« C’est moi qui souligne ». Magnifique effet que de conclure son autobiographie par le titre. Il s’agit bien de cela ; l’affirmation totale de soi et une force de vie inouïe.
Nina Berberova est de ces êtres, rares, qui naissent avec une passion inébranlable de l’existence et une rage d’exister qui surmonte tous les malheurs. C’est ainsi qu’elle traverse le 20e siècle en s’exilant d’une Russie révolutionnaire, affrontant deux guerres, la pauvreté et la décrépitude de tous ses amis. A son côté, c’est toute la génération perdue de Russie que l’on retrouve. Tsvetaieva, Bounine, Akhmatova, Maiakovsky, Zamiatine, Kodhassevitch et tant d’autres sont devant nous aussi vivants que nature. Ou plutôt aussi vivant qu’ils le peuvent. Car c’est le désespoir qui les ronge tous, qui les mène au suicide pour la plupart ou au renoncement. Tous sauf Nina Berberova. Elle le dit bien elle-même, qu’elle est incapable de nostalgie, que le présent ne lui paraît jamais moins bien que le passé et qu’elle ne sait pas regarder en arrière.

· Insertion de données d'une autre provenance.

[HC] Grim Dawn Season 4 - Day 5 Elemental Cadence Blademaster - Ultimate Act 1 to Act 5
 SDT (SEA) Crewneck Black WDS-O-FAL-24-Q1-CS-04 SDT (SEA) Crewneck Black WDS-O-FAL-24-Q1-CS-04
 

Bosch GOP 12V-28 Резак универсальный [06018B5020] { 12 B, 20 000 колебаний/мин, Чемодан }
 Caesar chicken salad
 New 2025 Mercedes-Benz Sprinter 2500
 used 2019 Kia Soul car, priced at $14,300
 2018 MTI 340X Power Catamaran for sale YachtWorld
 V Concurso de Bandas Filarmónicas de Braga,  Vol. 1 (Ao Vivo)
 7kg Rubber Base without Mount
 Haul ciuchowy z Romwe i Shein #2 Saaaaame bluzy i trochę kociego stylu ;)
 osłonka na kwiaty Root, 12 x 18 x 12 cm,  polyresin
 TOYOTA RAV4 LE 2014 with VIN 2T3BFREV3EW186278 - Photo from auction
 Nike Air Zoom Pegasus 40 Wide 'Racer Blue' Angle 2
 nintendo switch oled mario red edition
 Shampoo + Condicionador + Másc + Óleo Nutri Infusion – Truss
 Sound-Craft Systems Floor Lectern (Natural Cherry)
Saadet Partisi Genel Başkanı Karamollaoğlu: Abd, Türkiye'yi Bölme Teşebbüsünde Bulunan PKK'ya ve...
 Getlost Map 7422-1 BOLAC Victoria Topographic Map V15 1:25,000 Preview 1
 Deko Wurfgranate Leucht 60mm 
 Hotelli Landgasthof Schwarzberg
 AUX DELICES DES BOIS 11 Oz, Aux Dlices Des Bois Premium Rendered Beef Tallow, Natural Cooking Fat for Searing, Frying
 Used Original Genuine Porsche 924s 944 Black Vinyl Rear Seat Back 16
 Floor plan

Parfois mon cœur trouvait le sien trop dur mais je sentais qu’il renfermait une douceur enveloppé d’un grand courage.
Vous ne trouverez pas les codes de l’autobiographie habituel. Ici, peu de grands sentiments et de lyrisme. Une touchante pudeur enveloppe tout le livre pour celle qui dit aimer la vie bien plus encore que l’amour, bien plus que la littérature. Et c’est très bien ainsi car, vous ne sortirez pas de ce livre la larme à l’œil mais bien avec un regain de courage à l’âme.